Building Your Own Cage
Worrying what other people think is a full-time job. When you are younger, you worry about everything. The way your hair looks, what you say, how you walk, the clothes you wear, and any other aspect of your existence that can be judged. When you start to construct those things to be the least offensive or to give the least amount of fodder for others to pick on, you start to build your own cage.
This cage doesn’t seem too harmful at first. The bars are constructed with every compromise you make with yourself about what you let the world see. An opinion you keep to yourself to avoid a conflict up goes a bar. Actions you take which go along with the crowd, even though you don’t believe it right, up goes another bar. Bars start to be constructed so quickly that you don’t have time to notice the cage you have placed yourself inside. One of the expectations of others, the worry that you won’t fit in, the fear that your true self will be seen and then rejected.
Over time life in that cage is who you think you are, but that isn’t true.
For me I lived in that cage for a lot of years, pretending not to notice the limitations on your life. The worst part is that you forget the parts of yourself that you were hiding in the first place.

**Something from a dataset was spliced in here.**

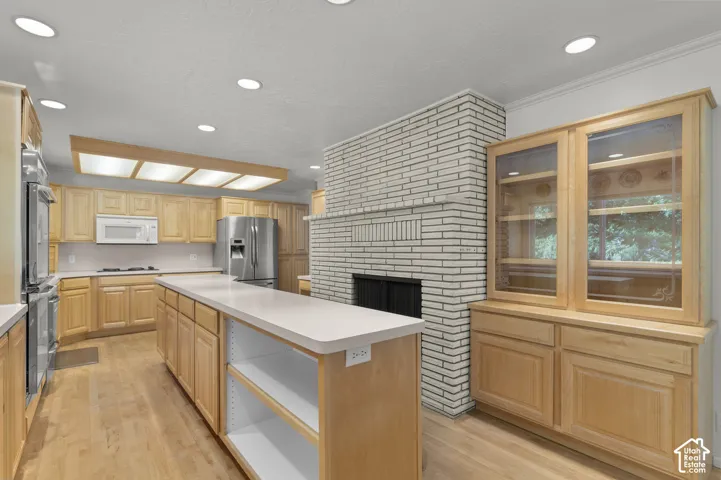 Natural wood cabinetry with integrated storage, white brick fireplace, center island with open shelving, stainless steel appliances, and recessed lighting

Something started to happen in life, events started to occur which reminded me of something that I couldn’t remember. Who was I? Why didn’t I seem to have a good answer for that questions. That is the beginning of breaking out of that cage.
Remembering who you are shouldn’t be as hard as it is, but when you start to remember, then you start see the cage disappear. So easily that you wonder why you let them be constructed in the first place.
Today I am Free
This is because when it comes to what you think and how you behave you have to be yourself and I am living with that thought. I believe what I know in my heart is right. I do what I know is right and I don’t let the thought of what someone else might think stop me at all.
The fear that my authentic self will be rejected is almost totally removed, because I realize that it isn’t my job to be liked and understood by everyone else in the world. Their thoughts and issues are none of my business.
The type of person I am in my heart is my business and I take my business very seriously.
So hate me, love me, ignore me, it is your choice. I do give a flying fig newton what you think. And I mean that in a good way. I am grateful that I don’t care what others think of me.